** Data to process follows **
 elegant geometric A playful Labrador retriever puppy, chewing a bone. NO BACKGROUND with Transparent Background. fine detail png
** End of Data to process **
** Data to process follows **
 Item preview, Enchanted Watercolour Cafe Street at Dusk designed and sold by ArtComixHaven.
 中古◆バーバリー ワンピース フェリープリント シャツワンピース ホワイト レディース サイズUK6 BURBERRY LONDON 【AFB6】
** End of Data to process **
** Data to process follows **
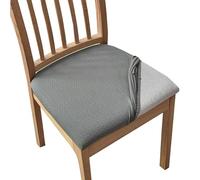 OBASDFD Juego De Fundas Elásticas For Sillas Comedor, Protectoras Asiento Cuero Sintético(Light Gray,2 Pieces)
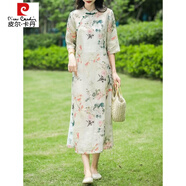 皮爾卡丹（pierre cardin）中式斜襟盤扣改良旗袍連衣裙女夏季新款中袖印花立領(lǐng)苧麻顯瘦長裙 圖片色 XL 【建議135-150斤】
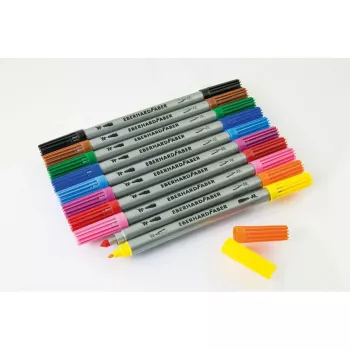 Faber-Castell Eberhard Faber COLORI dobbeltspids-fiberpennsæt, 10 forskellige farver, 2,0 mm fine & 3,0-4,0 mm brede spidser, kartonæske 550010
** End of Data to process **
» Task directions
Whatever pictures the records hold, omit them; give again exactly the lines from the one containing "皮爾卡丹（pierre cardin）中式斜襟盤扣改良旗袍連衣裙女夏季新款中袖印花立領(lǐng)苧麻顯瘦長裙 圖片色" through the one containing "Faber-Castell Eberhard Faber".

» Answer to the problem
 皮爾卡丹（pierre cardin）中式斜襟盤扣改良旗袍連衣裙女夏季新款中袖印花立領(lǐng)苧麻顯瘦長裙 圖片色 XL 【建議135-150斤】
 Faber-Castell Eberhard Faber COLORI dobbeltspids-fiberpennsæt, 10 forskellige farver, 2,0 mm fine & 3,0-4,0 mm brede spidser, kartonæske 550010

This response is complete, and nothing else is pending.